In the entries below, go to the line containing "Puzzle für Erwachsene 1000 Teile Puzzle" and repeat it along with every later line, exactly.

Dataset records
------------

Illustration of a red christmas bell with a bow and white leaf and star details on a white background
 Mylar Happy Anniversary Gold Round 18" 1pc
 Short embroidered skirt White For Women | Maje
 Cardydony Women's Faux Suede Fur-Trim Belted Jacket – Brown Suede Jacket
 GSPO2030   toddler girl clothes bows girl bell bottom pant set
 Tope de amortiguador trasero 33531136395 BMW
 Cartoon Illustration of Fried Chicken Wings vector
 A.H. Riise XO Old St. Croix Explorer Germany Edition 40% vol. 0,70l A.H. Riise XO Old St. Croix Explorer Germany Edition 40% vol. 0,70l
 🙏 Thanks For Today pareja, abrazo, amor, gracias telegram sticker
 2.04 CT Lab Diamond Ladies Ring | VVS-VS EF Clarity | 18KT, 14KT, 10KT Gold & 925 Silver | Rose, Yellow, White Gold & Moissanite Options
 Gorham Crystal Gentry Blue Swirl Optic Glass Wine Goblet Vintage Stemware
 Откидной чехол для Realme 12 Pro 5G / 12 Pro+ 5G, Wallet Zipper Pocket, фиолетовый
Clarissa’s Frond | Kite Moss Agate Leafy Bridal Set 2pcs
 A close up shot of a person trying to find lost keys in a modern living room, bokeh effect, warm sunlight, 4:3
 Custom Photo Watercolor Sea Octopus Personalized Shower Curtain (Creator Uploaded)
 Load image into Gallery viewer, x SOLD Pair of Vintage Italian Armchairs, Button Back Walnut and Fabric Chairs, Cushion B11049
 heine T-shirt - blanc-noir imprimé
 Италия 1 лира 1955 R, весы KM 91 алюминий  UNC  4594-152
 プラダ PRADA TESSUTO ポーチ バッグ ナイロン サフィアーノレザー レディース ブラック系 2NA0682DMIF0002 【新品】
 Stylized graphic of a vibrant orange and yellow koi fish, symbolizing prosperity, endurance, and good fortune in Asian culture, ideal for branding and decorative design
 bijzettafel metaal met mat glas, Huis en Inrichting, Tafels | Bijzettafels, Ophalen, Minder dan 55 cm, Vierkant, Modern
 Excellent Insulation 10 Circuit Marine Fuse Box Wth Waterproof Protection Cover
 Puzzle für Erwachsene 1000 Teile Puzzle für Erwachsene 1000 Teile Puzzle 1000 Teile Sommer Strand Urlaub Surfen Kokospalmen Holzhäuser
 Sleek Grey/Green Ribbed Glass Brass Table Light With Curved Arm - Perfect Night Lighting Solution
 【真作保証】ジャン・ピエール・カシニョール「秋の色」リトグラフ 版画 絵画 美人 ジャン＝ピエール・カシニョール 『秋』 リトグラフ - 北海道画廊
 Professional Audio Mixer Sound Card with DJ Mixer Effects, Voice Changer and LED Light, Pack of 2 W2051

------------

Task result
 Puzzle für Erwachsene 1000 Teile Puzzle für Erwachsene 1000 Teile Puzzle 1000 Teile Sommer Strand Urlaub Surfen Kokospalmen Holzhäuser
 Sleek Grey/Green Ribbed Glass Brass Table Light With Curved Arm - Perfect Night Lighting Solution
 【真作保証】ジャン・ピエール・カシニョール「秋の色」リトグラフ 版画 絵画 美人 ジャン＝ピエール・カシニョール 『秋』 リトグラフ - 北海道画廊
 Professional Audio Mixer Sound Card with DJ Mixer Effects, Voice Changer and LED Light, Pack of 2 W2051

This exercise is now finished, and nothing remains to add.